Em São Francisco, a maior concentração de indigentes fica na
Rua Araribóia, ao lado da agência da Caixa Econômica Federal (CEF). “Isso é uma
praga. Esse pessoal é uma mistura de assaltante com guardador de carro”,
reclama Fernando Pereira, que mora na Rua Araribóia. Outra moradora da rua, que
preferiu não se identificar, afirma que o barulho e o mau-cheiro são os
principais problemas causados pelos pedintes. “À noite ficam mais de dez aqui,
bebendo e gritando. Nós temos pena e sabemos que eles não tem para onde ir. O
problema é que pode haver marginais infiltrados entre os mendigos vigiando as
casas. Tenho muito medo disso, porque minha casa já foi invada por ladrões”,
diz a moradora, que também cobra providencias da CEF.
O gerente da agência da CEF em São Francisco, Paulo
Glicério, diz que a calçada é da Prefeitura e, nesse caso, a CEF não tem como
interferir. Às 10h de ontem apenas três mendigos estavam no local. Eles
disseram que somente dois deles moram ali e não incomodam ninguém. “Estou na
rua há oito meses porque minha casa pegou fogo”, diz José Augusto Batista, de
49 anos.
José diz que mora na rua acompanhado apenas de Pedro Bezerra
Silva, 48, e dois cachorros, "Joaquim” e “Xuxa”. O outro mendigo, Adílson
Ribeiro, de 33 anos, justificou sua presença no local dizendo que era amigo de
José Augusto. “Tenho três anos de rua e nunca arrumei problema com ninguém”,
diz Adílson, que afirma morar em Charitas. Pedro Bezerra pede para as pessoas
entenderem que ele não tem onde ficar e definiu sua situação cantando um velho
samba. “Eu não tenho onde morar, é por isso que eu moro na rua”, cantarolou o
indigente, completamente embriagado.
O coordenador da unidade de Itaipu da Fundação Leão XIII,
Sérgio Belchior, diz que recebe mais de 20 ligações por semana de reclamações
contra mendigos. “Quem faz o recolhimento é o pessoal do Rio. Nós apenas
acolhemos aqueles que nos procuram, se houver vaga. O fato é que ninguém quer
investir na questão da população de rua porque isso não dá retorno”. A unidade
de Itaipu só acolhe homens e, atualmente, conta com 300 internos. A capacidade
da unidade é de 480 pacientes, mas segundo Sérgio, as instalações precárias
impossibilitam o trabalho com esse número de internos.
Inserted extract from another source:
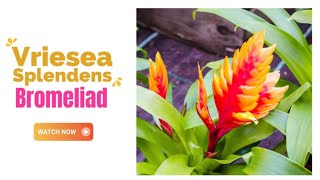 Vriesea Splendens Bromeliad  Flaming Sword Bromeliad  TinyLeaf [upl. by Chaim]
A falta de funcionários é outro problema das unidades de
recuperação social da Leão XIII. “A Fundação tem ainda mais de 40 centros
comunitários no Grande Rio, onde o trabalho é considerado mais fácil. Todo
mundo prefere trabalhar com as comunidades carentes a cuidar das pessoas que
muitas vezes têm problemas de alcoolismo e, em alguns casos, são até
violentas”, conta o coordenador.
A Fundação Leão XIII tem cinco unidades na área do Grande
Rio e Niterói. Se em Itaipu somente os homens são abrigados, no Fonseca, também
em Niterói, apenas mulheres são aceitas. Em Campo Grande, a maior unidade, o
local é exclusivo para idosos de ambos os sexos. A triagem é feita em
Bonsucesso e a unidade da Praça Harmonia, na Praça Mauá, fica responsável pelos
migrantes – aqueles que estão de passagem pelo Estado e não têm condições de
voltar para casa. Quando é feito o recolhimento, os mendigos são levados para
Bonsucesso e, de lá, encaminhados às diversas unidades.
A psicóloga da Coordenadoria de Assistência Especializada (CAE) da Fundação, Carmen Lustosa, diz que, no momento, a unidade de Bonsucesso está em obras, o que reduziu o recolhimento. "Só estamos atendendo a casos de emergência e a triagem está sendo feita provisoriamente na Praça Mauá", explica0 O coordenador da unidade do Fonseca, Pedro Paulo Berba, contouque o centro está trabalhando com 14 internas, todas com idade entre 18 e 65 anos.